第2話
放課後になり、進はすぐに教室を出た。誰かが何か言っていたが、振り返ることはしなかった。昇降口で靴を履き替え、駐輪場に向かう。そこから自分の自転車を見つける。高校入学のときに買ってもらったクロスバイクだ。
校門から出て、右へ走る。本格的にペダルを回すと徐々にスピードを上げていく。病院への行き方は事前に確認していて、大体15分くらいの距離だった。
やがて周りより頭一つ飛び抜けている建物が見えた。この街で一番大きな総合病院は駐車場も広く、タクシー乗り場やバスの停留所まで敷地内に入っている。駐輪場は病院の横手にあり、少し影になっているそこは病院関係者の駐車場も兼ねてあった。
自転車を止め、病院の入り口に向かう。
入口は入場口と出口が分かれていて、どちらも回転式の扉になっていた。
入ろうとしたところで、扉の横にスマホや電子機器の取り扱いを伝えるポスターを見つけた。進はスマホを取り出し、少し悩んでマナーモードに切り替える。その間にタクシーから降りてきた人が回転扉に入っていく。進もその人に続いていく。
扉を抜けた先は幅の広い通路になっていて、丹念に磨かれた床が奥まで続いている。見上げるほど高い天井と、天井から床まで伸びる窓のおかげで、夕方の時間帯でも院内は明るかった。窓の下にはカフェにでもありそうなテーブルとイスが置いてある。
反対の壁には観葉植物や自販機、スタッフ専用の扉があるが、受付のカウンターは見当たらない。先を見ると通路は右に折れ曲がっている。おそらくそこに受付があるのだろうと足を踏み出したとき、ふいに声を掛けられた。
「こんにちは。誰かのお見舞いでしたか?」
ドキリとして声のした方を見る。そこには笑顔を浮かべた警備員が立っていた。その背後にはもう一人警備員が立っていて、進を見ながら無線で何かを話している。
入り口から院内へ入る人は他にもいたが、他の人は呼び止められず奥へと進んでいる。
「はい。あの、昨日ここに運ばれた、柳竜太君のお見舞いです」
「お約束はしていましたか?」
怪しむようにジロリと目線を送られて、怯みそうになるのを堪えた。
「いえ、特に約束はしてないんです。心配になって来ただけで……」
少し間が開いて、警備員は口を開く。
「失礼ですが、お名前を伺ってもよろしいでしょうか」
進が自分の名前を告げると、それを聞いた警備員は目をスッと細めた。
もう一人の警備員に何か合図を送っていたが、進は気付かなかった。
あの……と言うと、あちらでお待ち下さい、と入り口近くにある長椅子を指し、進から離れていった。
長椅子に座ると、もう一人の警備員と目が合った。気まずくなって目を逸らすが、警備員は来院する人がいない限り、進のことを見ているようだった。
その間にも、多くの人が行き来していた。首から名札や許可証といった類のネックストラップを下げている。
スマホを使うのも躊躇われ、どうしようかと考えを巡らせていると、通路の先からこちらに歩いてくる女性の姿があった。
緑色のネックストラップを首にかけ、閉じられた半そでシャツの前でネームプレートがぶら下がっている。

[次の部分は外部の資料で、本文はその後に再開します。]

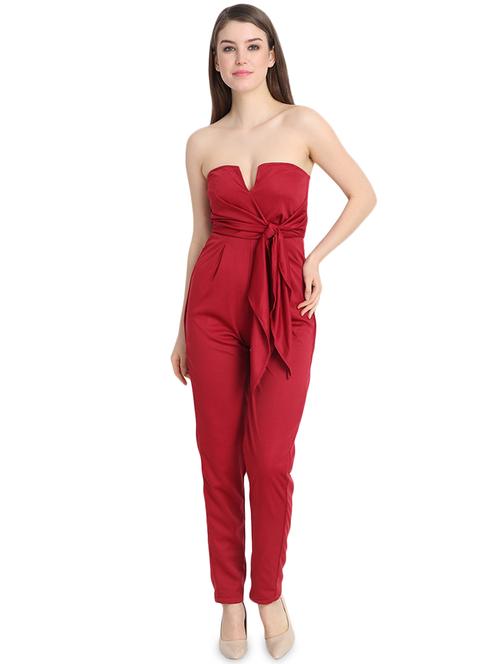 off shoulder tie knot jumpsuit - 16173911 - Standard Image - 1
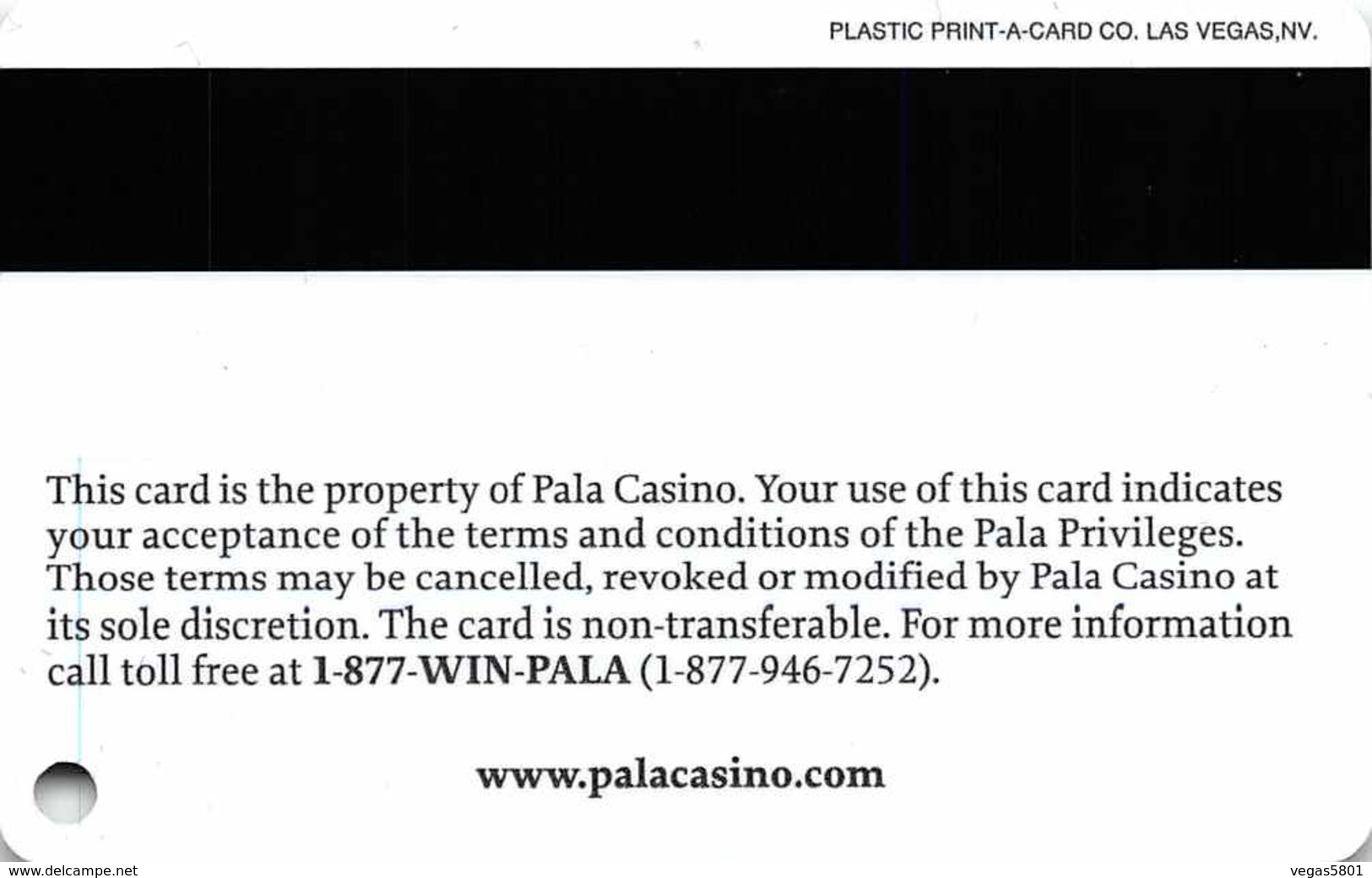 Slotcard / Casinokarte / Playerscard - PALA Casino - Pala, CA (USA) - Casinokarten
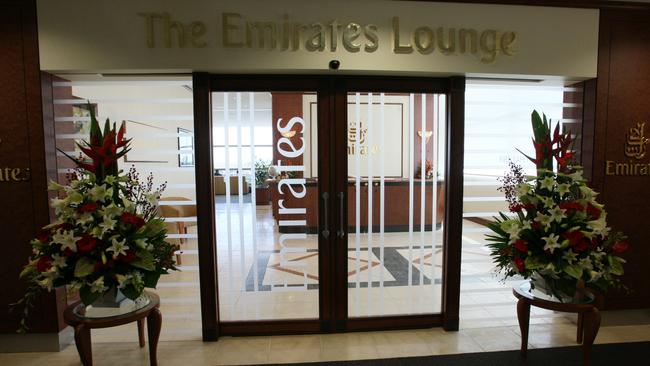 Doors remain closed at the Emirates lounge at Brisbane International Airport. Picture: Glenn Barnes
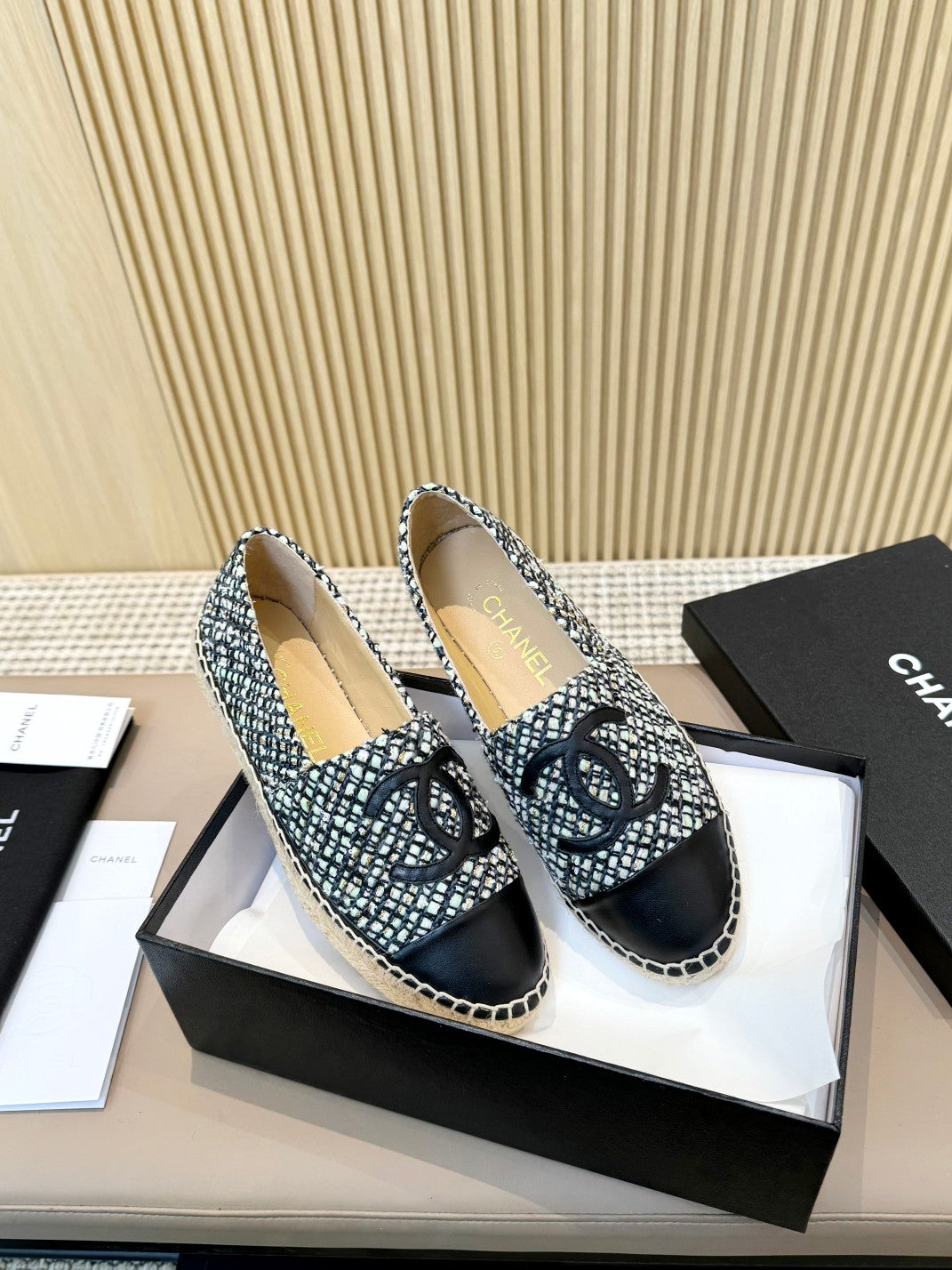 cc espadrilles black tweed cloth calfskin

肩まで切り揃えられた髪は整っていたが、少しだけ跳ねている所があった。
しかしその後ろから先程の警備員が来ているのに気が付いて、慌てて視線を逸らす。
女性がにこりと微笑んだ。その表情はどことなくぎこちないものに感じた。
「こんにちは。竜太の母の由貴子です。あなたは、竜太のお友達、でいいのかしら」
トーンの低い声に、警戒しているのが伝わってくる。
「竜太君とはクラスが違うんですが、高校が一緒なんです。小学校から知っています。友達と言うほど、一緒に遊んだ訳ではないのですが……」
そこまで言って、進は深い関係性ではないのにも関わらず、ここまで来たのは迷惑だったかと考えた。特別仲が良いわけでもなく、同じクラスですらない。そんな人間が病院に来ているというのは不信感を持たれても仕方がないと思った。

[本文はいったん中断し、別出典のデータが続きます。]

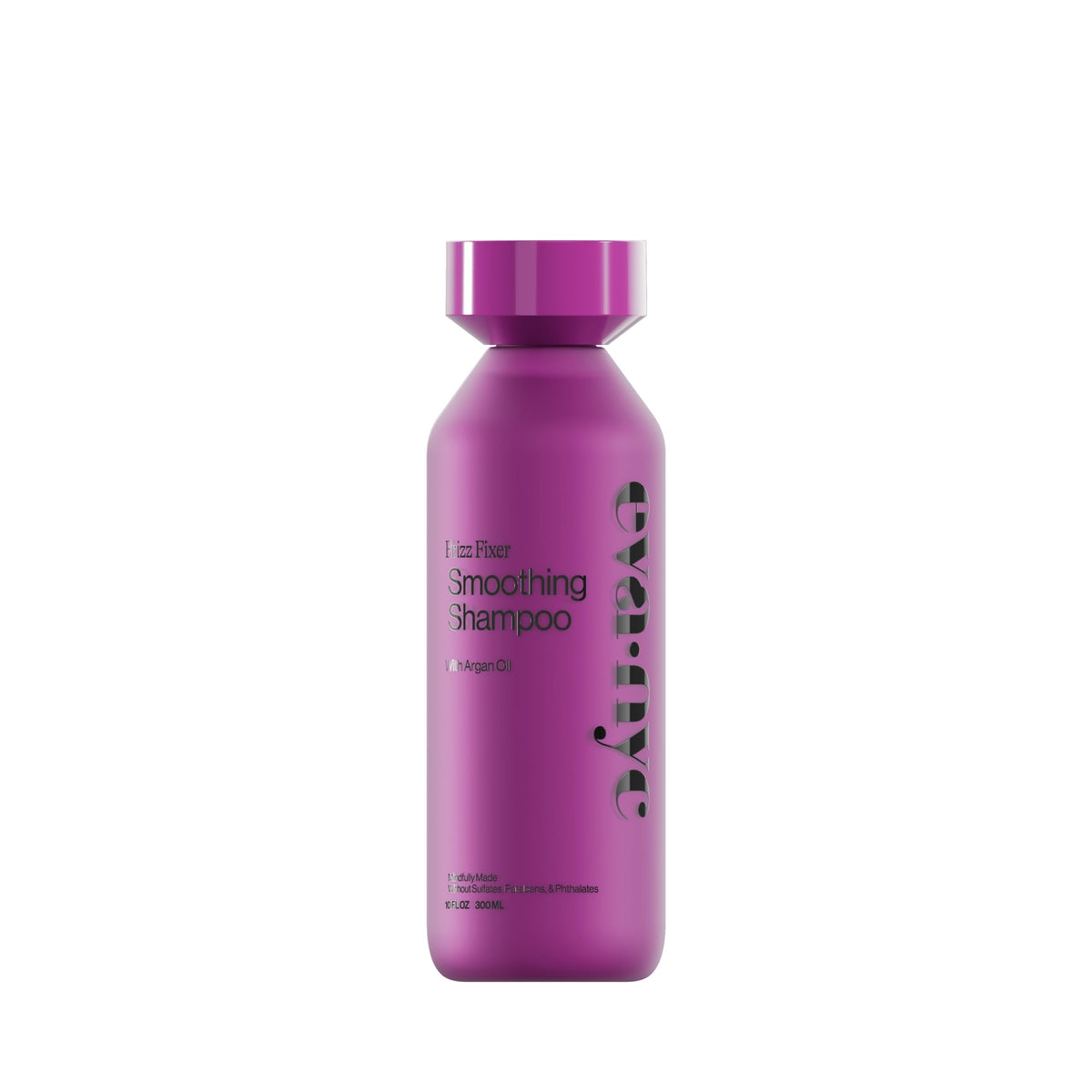 Eva NYC Champú Antifrizz, botella visible, cabello suave y sin encrespamiento.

それに対して、由貴子は何も言わなかった。その代わりに、窓の側にあるテーブルに案内した。それを見届けて、警備員も離れていく。
向かい合う形で椅子に座る。テーブルの上に重ねられた由貴子の手は、窓から差し込む光で白く見えた。
由貴子の瞳が、進を捉える。
「じゃあ、来てくれたのは何故?」
由貴子が早速切り出す。進は一息吸って答えた。
「俺…僕は竜太が竜神川で溺れるなんて、そんなこと、信じられないんです。」
由貴子の手がピクリと震える。進が続ける
「溺れるどころか、竜太は川に入ることだってしないんじゃないですか。そんな性格してるとは、思えないですよ。それなのに、どうしてこんなことになったのか、いくら理由を考えても思いつかないんです」
由貴子の顔を見る。長いまつげの奥にある目は伏せられ、どこを見ているのか分からない。口を固く閉ざし、何も語らない。

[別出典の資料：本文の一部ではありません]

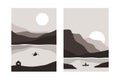 Contemporary nordic landscape posters. Abstract nature backgrounds minimalist scandinavian style. Vector mountains art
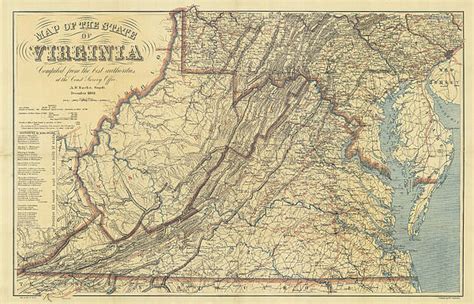 Map Of Virginia Civil War Era 1863 Greeting Card By Sailor Keddy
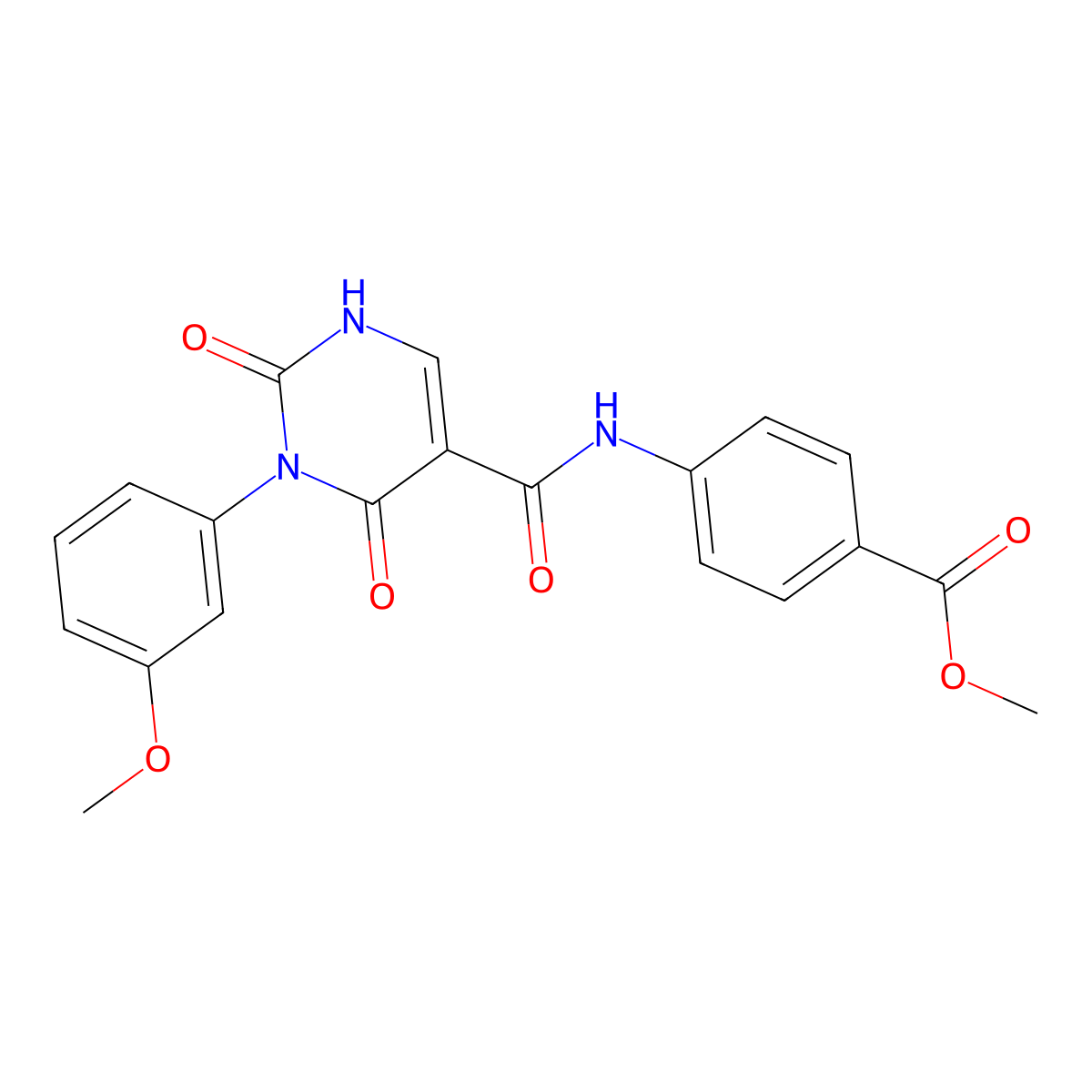 Methyl 4-(3-(3-methoxyphenyl)-2,4-dioxo-1,2,3,4-tetrahydropyrimidine-5-carboxamido)benzoate molecular structure, CAS 863612-60-6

窓から差し込む光が、少しだけ暗くなる。陽の光が当たらない床が黒く塗られていく。すると窓から離れたところにある照明が付き始めた。その灯りが、やけに眩しく感じた。
「ごめんね」
視線を戻すと、由貴子は下を向いたまま話していた。
「私にも、分からない。……だから、その答えは、教えてあげられないの」
ごめんね、という弱弱しい声が、空気の中に溶けていく。
それ以上何も聞くことは出来なかった。母親こそ、何故息子がこんなことになったのか知りたいはずだった。進の質問に憤りを感じたかもしれない。けれどそんなことをおくびにも出さない由貴子の気持ちを考えると、進は自分を恥ずかしく思った。
「すいませんでした。無神経で勝手なことばかり、言ってしまいました」
由貴子に向かって頭を下げる。その姿を見て、由貴子は大丈夫と言った。声に力が戻っていた。
「心配してくれてありがとう。竜太には、貴方がお見舞いに来てくれたことを話しておくわ」
優しく微笑むと、由貴子はスマホを取り出した。
「何かあったら、こちらから連絡するわね。すぐに会わせてあげられるか、分からないけれど……」
進もスマホを取り出し、電話番号を交換した。電話帳に、柳(母)が登録された。
回転扉の前まで、由貴子は進を見送った。入り口付近は薄暗く、手を振る由貴子の表情には影が差していた。